En bon disciple du "patient gaming", je me suis dit : "Comme d'habitude, on achète le jeu en profitant des petites réductions et autres bons plans pour l'avoir au moins cher possible, et on y jouera plus tard."
Quelle erreur.
Quelle naïveté.
Concord, acheté à 34,99€, lancé... jamais.
Parce qu’entre-temps, bah le jeu a tout simplement fermé ses serveurs.

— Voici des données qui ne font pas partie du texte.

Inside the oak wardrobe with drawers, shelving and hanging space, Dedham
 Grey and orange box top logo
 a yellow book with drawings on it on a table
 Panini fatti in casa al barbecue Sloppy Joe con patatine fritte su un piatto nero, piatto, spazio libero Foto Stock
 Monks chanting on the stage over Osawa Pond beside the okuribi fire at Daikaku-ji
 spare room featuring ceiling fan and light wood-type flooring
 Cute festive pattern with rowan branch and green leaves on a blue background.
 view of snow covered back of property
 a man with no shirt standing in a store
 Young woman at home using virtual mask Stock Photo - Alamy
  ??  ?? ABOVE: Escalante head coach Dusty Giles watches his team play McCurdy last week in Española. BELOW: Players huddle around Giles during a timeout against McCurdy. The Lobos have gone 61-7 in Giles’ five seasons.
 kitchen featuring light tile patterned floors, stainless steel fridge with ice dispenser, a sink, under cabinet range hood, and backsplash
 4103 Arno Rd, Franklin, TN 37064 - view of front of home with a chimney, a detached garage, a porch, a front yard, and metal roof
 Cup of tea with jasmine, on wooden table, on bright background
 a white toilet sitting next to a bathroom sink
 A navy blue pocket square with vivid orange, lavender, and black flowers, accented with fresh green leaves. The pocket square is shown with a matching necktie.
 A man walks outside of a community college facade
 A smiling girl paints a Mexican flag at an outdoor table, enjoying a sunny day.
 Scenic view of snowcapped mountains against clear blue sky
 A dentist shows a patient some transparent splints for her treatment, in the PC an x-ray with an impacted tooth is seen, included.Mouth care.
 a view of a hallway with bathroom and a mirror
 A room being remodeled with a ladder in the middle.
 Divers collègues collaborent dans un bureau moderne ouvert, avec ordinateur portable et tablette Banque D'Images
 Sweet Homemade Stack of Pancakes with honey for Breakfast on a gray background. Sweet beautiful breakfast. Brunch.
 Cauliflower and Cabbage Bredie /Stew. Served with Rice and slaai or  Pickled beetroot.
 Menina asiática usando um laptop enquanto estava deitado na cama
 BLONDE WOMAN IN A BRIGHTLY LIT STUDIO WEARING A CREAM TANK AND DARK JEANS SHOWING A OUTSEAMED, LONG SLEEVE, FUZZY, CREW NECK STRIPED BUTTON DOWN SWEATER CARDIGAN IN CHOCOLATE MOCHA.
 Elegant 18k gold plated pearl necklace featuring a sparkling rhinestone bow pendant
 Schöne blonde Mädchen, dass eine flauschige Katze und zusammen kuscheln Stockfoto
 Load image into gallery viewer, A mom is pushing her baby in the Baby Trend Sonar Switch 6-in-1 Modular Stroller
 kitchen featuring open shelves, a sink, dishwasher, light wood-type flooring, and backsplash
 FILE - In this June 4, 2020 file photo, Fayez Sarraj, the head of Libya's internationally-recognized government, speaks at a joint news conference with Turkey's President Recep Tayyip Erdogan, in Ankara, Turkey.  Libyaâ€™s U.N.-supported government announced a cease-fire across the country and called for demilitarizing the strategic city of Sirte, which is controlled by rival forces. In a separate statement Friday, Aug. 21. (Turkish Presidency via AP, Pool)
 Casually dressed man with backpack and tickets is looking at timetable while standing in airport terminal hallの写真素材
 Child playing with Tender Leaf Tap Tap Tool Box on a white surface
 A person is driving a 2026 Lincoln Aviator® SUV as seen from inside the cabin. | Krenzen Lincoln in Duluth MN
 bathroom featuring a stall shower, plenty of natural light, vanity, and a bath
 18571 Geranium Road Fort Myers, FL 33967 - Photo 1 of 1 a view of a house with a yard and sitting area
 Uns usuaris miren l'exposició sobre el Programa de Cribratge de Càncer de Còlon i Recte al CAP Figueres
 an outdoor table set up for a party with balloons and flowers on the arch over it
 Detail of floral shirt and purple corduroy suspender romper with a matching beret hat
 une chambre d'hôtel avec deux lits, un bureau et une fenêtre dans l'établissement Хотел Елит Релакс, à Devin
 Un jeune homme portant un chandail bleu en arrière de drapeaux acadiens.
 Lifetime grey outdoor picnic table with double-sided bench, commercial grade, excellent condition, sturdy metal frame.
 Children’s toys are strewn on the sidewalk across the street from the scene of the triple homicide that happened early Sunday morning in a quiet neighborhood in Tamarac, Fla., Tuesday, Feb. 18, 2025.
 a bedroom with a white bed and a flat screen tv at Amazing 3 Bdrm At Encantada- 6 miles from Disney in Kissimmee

Voilà comment j’ai payé pour un écran titre et une déconnexion instantanée.
Maintenant, c'est parti pour la critique, point par point :
Gameplay :
Alors là, attention, gameplay de folie :
- Tu lances le jeu.
- T’arrives sur l’écran titre.
- Le jeu te dit "Connexion impossible".
- Tu pleures.
- Tu désinstalles.
En termes de fluidité, c’est imbattable : 0 FPS, pas de bugs, pas de cheaters. Le meilleur anti-cheat du marché, c’est quand y’a plus de serveurs.
Graphismes :
Graphismes très propres ! Le plus bel écran noir de ma carrière de gamer. L’interface était sûrement sublime, mais je l’ai vue 3 secondes. Après ça, extinction des feux, rideau, fin du spectacle. Niveau direction artistique, je note un choix audacieux vers le néant.
Durée de vie :
Alors là, 10/10.
J'ai possédé Concord depuis sa sortie. J’ai pu y jouer 0 seconde. Le ratio est parfait.
Contenu :
Il paraît qu'il y avait :
- 12 persos "charismatiques" (ça c’est eux qui le disent)
- 5 maps
- 3 modes de jeu
Perso, j'ai surtout expérimenté le mode "Retour bureau Windows" et "Regarder son reflet dans l'écran noir en repensant à ses choix de vie".
Bugs :
Aucun bug constaté.
Faut dire, quand ton jeu ne se lance pas, difficile d’avoir un bug. Smart move de la part des devs, chapeau.
Conclusion :
Concord c’est l’histoire d’un jeu qui est mort avant même d’avoir vécu. Une sorte de fausse couche vidéoludique.
Un hommage vibrant à l’éphémère.
Note finale : 0/20
Mon seul regret, c’est d’avoir gaspillé de la place sur mon SSD.